Quote from cabletrader:
An 'interesting' (lol) strategy, but why pick such a low (and getting lower!) yielder like USD? There's talk of 80 on dollar/yen before BOJ intervention, I guess you need to have either deep pockets or small positions to avoid a margin call, there's no way you could ever risk the trades being liquidated. Also, the interest rate differential is narrowing on Usd and Yen, I'd prefer something with a bit more room to maneuver.
I read a while back about a similar strategy that hedged with a non-interest non-commission Islamic broker (interest arb) which made some decent risk-free returns with the use of high leverage.
I think it gets too complicated that way, it's simpler to do what you're doing and average into a yield positive trade with a high yielder, earn interest every day on leveraged money, and then eventually make a capital gain on the trade itself. It needs less capital, is very low maintenance, and is guaranteed risk-free money as long as the broker doesn't have hidden charges like non-activity fees or commissions.

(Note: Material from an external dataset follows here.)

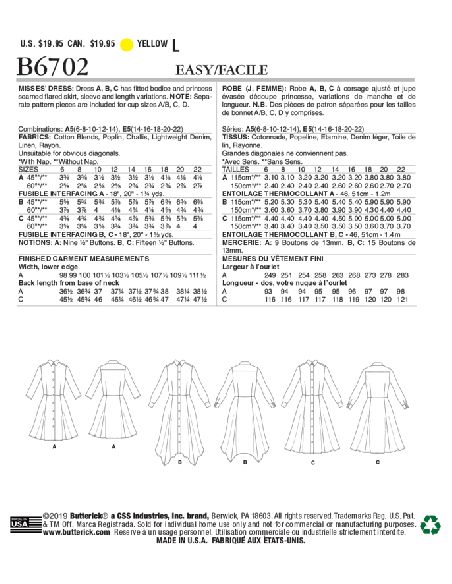 Patron Butterick 6702/A5 - Robe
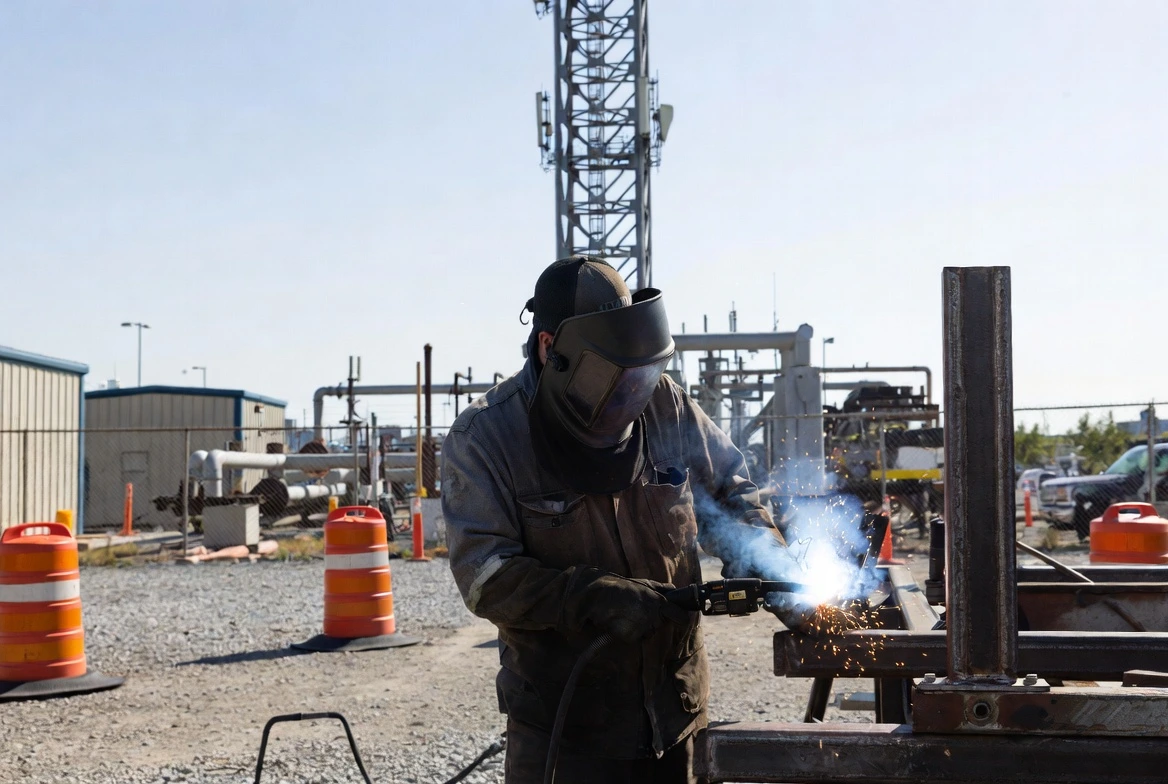Mobile welder on a utility infrastructure site near telecom towers repairing structural steel supports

I did a similar thing a while ago when I got filled on an order on Usd/Jpy that I had already cancelled. The broker wouldn't cancel the trade so I said wtf, just leave it and add as it goes lower and get the interest every day. Within a couple of months the trade came right but I made sure I had enough to fund the account and support the unrealized losses and margin for as long at it took.
Another idea might be to use an automated 'grid trading' strategy which trades the same yield positive direction but takes small profits on positions and then re-opens the trades. The end result is the same except for the extra profits along the way which go towards paying margin on existing positions.